Lo antedicho es un ejemplo de cómo la idea de lo femenino se cosifica, abriendo las puertas a que sea "normal" el "uso" de la mujer como producto comercial, como ansiolítico sexual, como símbolo de estatus social, como lugar en el cual se puede compensar con superioridad de fuerza de dominio físico las debilidades de la propia hombría.
Por otro lado, cuando la hombría es frágil, es mucho mayor el natural temor que existe ante el misterio que, para el varón, implica lo femenino. Ese misterio para el varón es inexpugnable, imposible de desentrañar.
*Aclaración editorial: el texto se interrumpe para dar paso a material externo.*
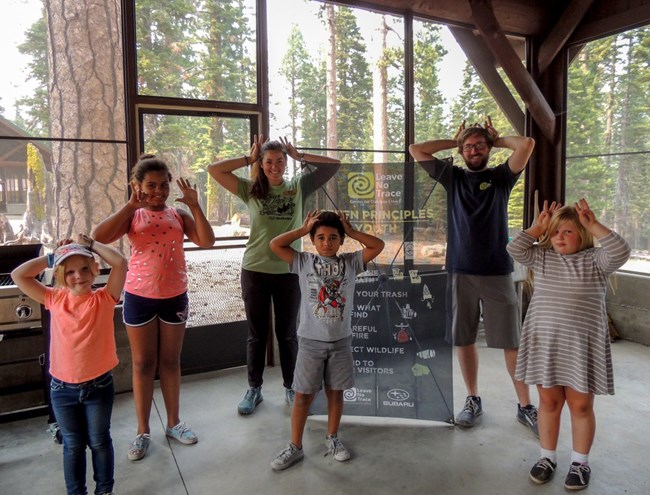 A group of Girl Scouts pose for a photo with Leave No Trace trainers Donielle and Aaron inside a picnic pavilion at the Volcano Adventure Camp A group of Girl Scouts pose for a photo with Leave No Trace trainers Donielle and Aaron inside a picnic pavilion at the Volcano Adventure Camp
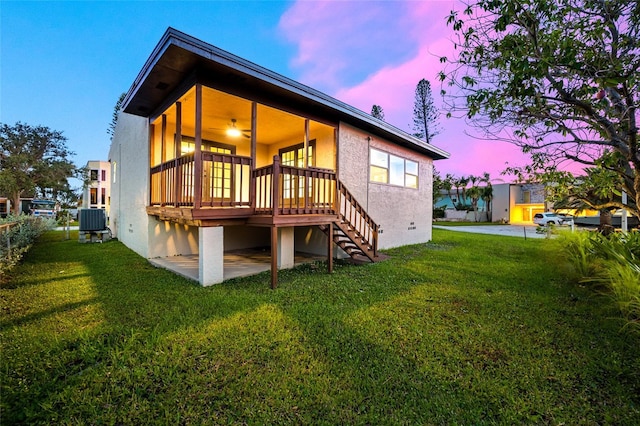 809 59th Ave, Saint Petersburg, FL 33706 - back of house featuring stairway, a yard, a deck, and stucco siding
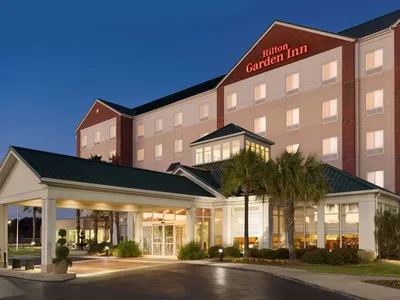 Exterior view of Hilton Garden Inn West Monroe featuring the hotel entrance, surrounded by parking area in a quiet...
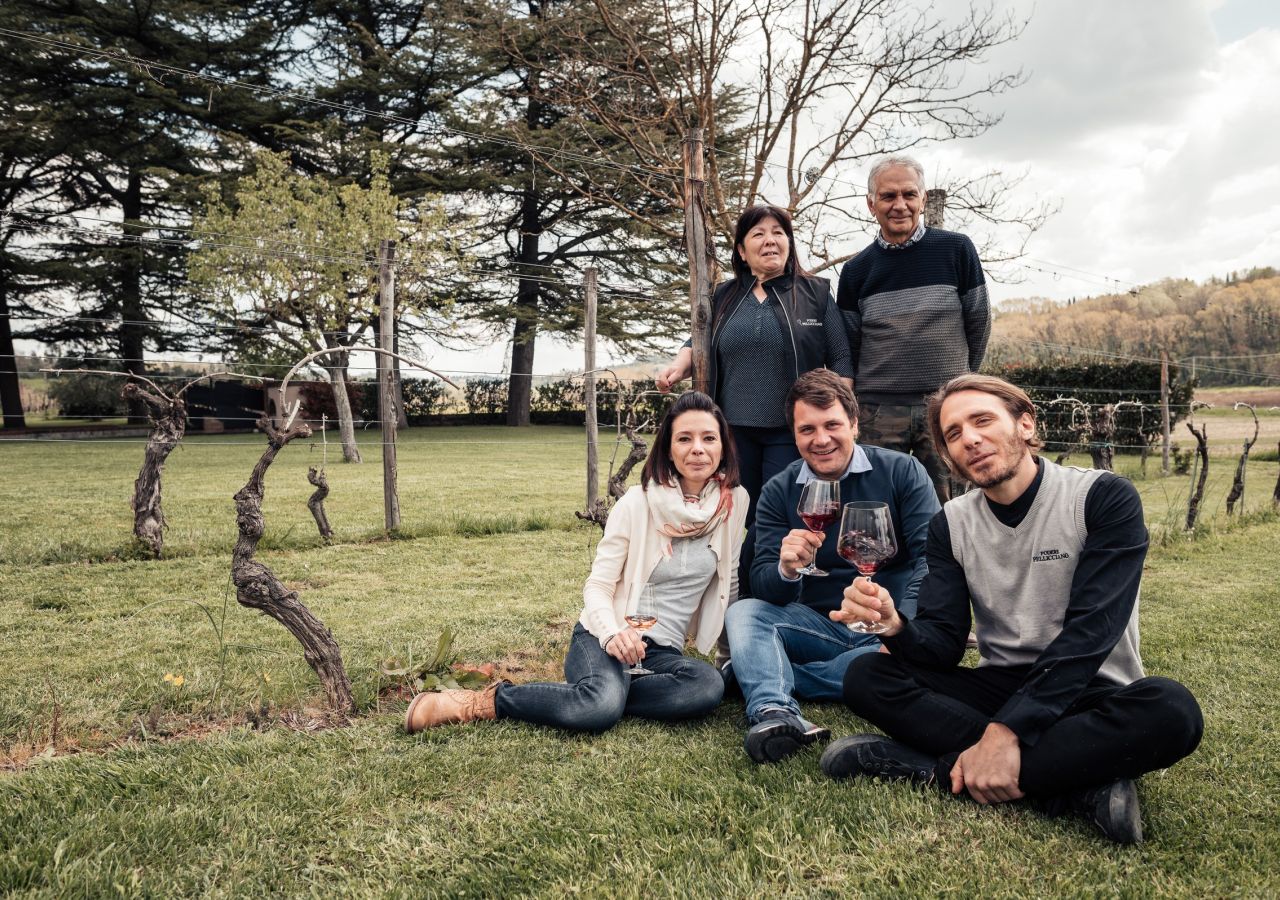 Famiglia di Podere Pellicciano ritratta tra i filari della tenuta sulle colline di San Miniato; alcune persone tengono in mano calici di vino rosso.
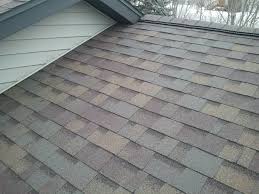 A 130mph wind rated lifetime shingle in color: Owens Corning Teak Yakesh Roofing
Algunos eligen entonces convivir con él, generando, por ejemplo, eso que se llama "amor", algo que lejos está de la idea de dominación ya que, sabemos, amar y dominar están en las antípodas. En cambio, otros, generalmente los más violentos, intentan dominar ese misterio, aunque, en realidad, solamente como mucho consiguen dominar cuerpos, herirlos, humillarlos.
Suele decirse con razón que el machismo atenta contra la condición más humana de lo humano, y en tal sentido tanto los hombres como las mujeres, desde su singularidad, se ven heridos por el paradigma dañino que significa en nuestra vida de relación.
Pero eso es una mirada conceptual que en nada consuela el dolor terrible de los rostros jóvenes que hoy no están por la cobardía de la violencia.
El mundo pide prudencia, pero no miedo. Eso habrá que enseñar a los más jóvenes que buscan aventura, con toda razón, en viajes y experiencias significativas. En tal sentido, parte del aprendizaje del crecer es saber que los riesgos siempre existen y hay que apuntar a disminuirlos, si bien, como vemos con dolor en casos como el de las chicas mendocinas, no hay manera de hacer que desaparezcan de manera total.
Es de desear que esa conciencia encuentre su germen en chicos que respetan y se respetan, y que lo hagan en las cosas cotidianas: en los hogares, en las interacciones en el colegio, en los boliches, porque desde allí se expande hacia el resto de la vida social, habilitando a que las virtudes humanas emerjan, pero no de manera pasteurizada y moralista, sino como honda percepción de que el violentar al otro no es signo de poder y prestigio, sino lisa y llanamente impotencia y degradación.